I thnk it’s a shame more people in the world don’t think that way today. We’d probably be able to eliminate a lot of modern tit-for-tat warfare with basises going back centuries. A lot of the value of history now is simply in its utility to predict how the people who refuse to learn from it will choose to repeat it. Damn Chimps; that’s all we are sometimes.
I am an American. I can’t tell you what all my ascendants were. It doesn’t matter as I was born here. You an American as soon as your a citizen in my books.
Two Muslims arrive in the US with their families, and decide to make a bet: they’ll meet again in 10 years and decide who did a better job of becoming a true American.
After 10 years, the two meet again on the street. The first Muslim says, “I work in factory that makes flags. My wife sings the National anthem at baseball games. My two children are both in religious private schools, and we all go to Protestant Church every Sunday. Doesn’t that make me an American?”
The second Muslim replies, “Get away from me you fucking terrorist.”

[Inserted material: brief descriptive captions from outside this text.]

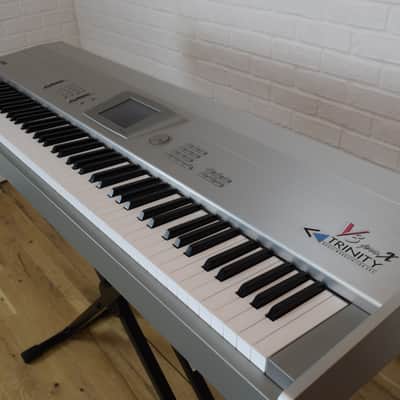 Korg Trinity V3 Pro-X 88 key keyboard synthesizer near MINT-used piano for sale image 1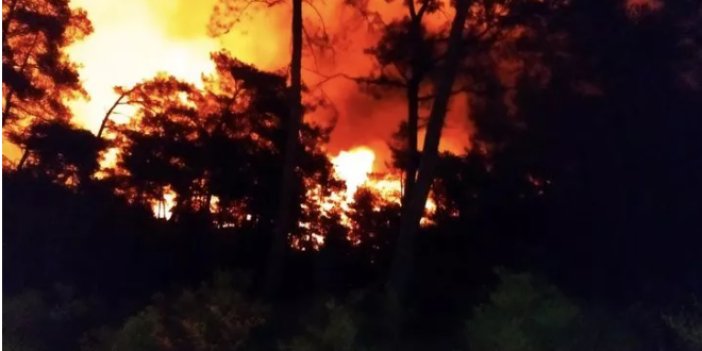 Marmaris yanıyor | Bir yıldır 'uçak ve helikopter alın' diye bağırılıyordu. Gece görüşlü helikopter olmadığı ormanlar sabaha kadar yandı. Geçen yıl da ormanların yarısını yakmışlardı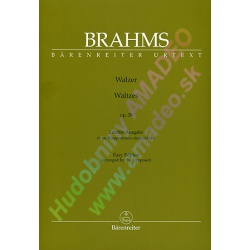 2219. J.Brahms : Waltzes op.39, Easy Edition (Bärenreiter)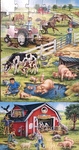 Country Farm wooden puzzles x3 
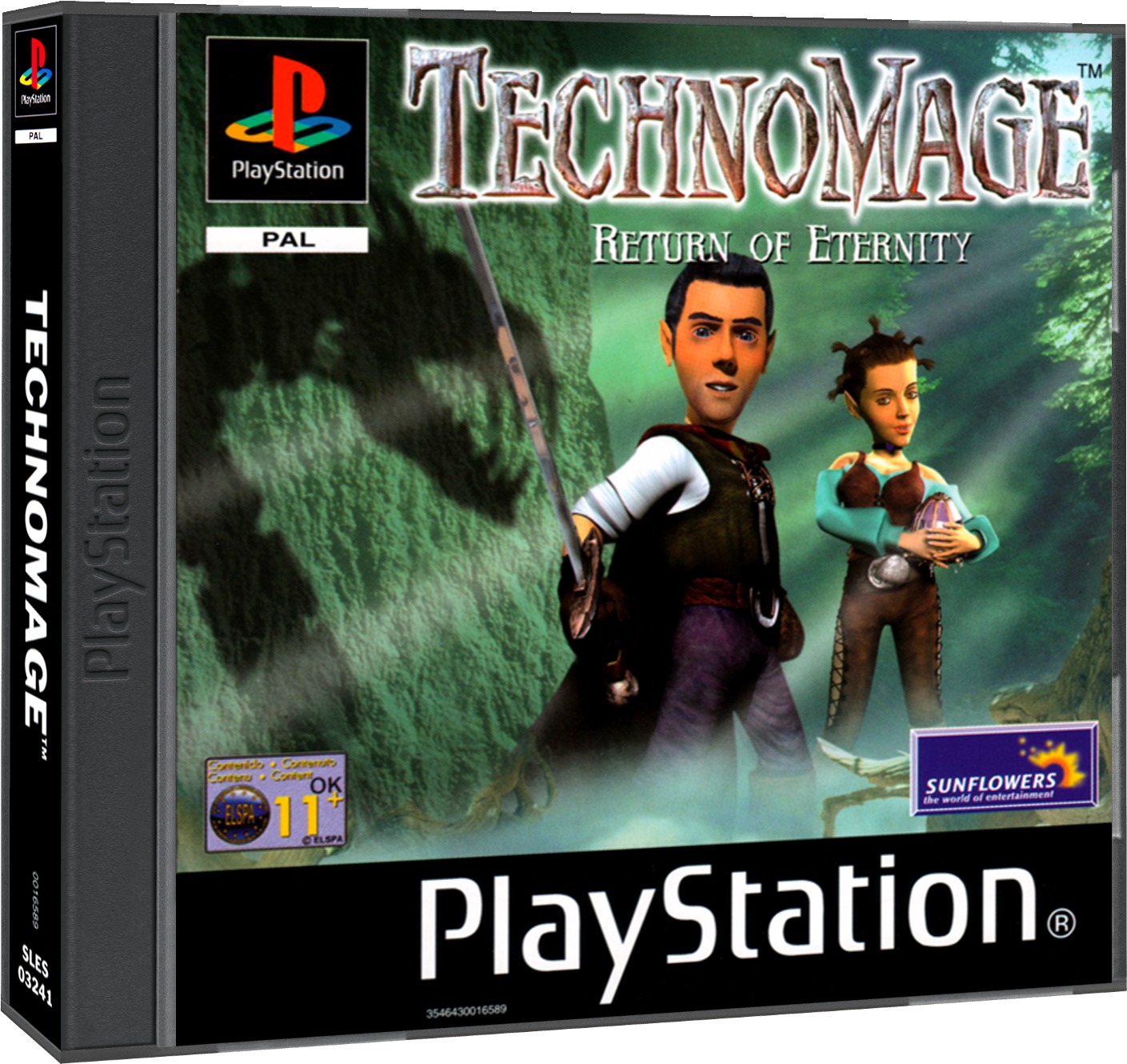 TechnoMage: Return of Eternity PS1 PAL avec notice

It’s funny, because while Italian-Americans may display an oversize sense of pride Italy, actual Italians probably have the weakest sense of national identity in Europe. An Italian is likely to identify himself first as a Lombard or a Genoan then as an Italian.
I think it happens more readily in the United States than in most countries. Plenty of Americans have no real idea where their ancestors came from in the Old World, and don’t care. Even among those who do have a sense of heritage, for the most part we don’t act like immigrant populations out of our element.
For contrast, imagine yourself moving to, say, Japan. Could you ever fit in? You can learn Japanese, you can have a great affinity for Japanese culture, but can you, or even your kids born in Japan, ever “become Japanese”?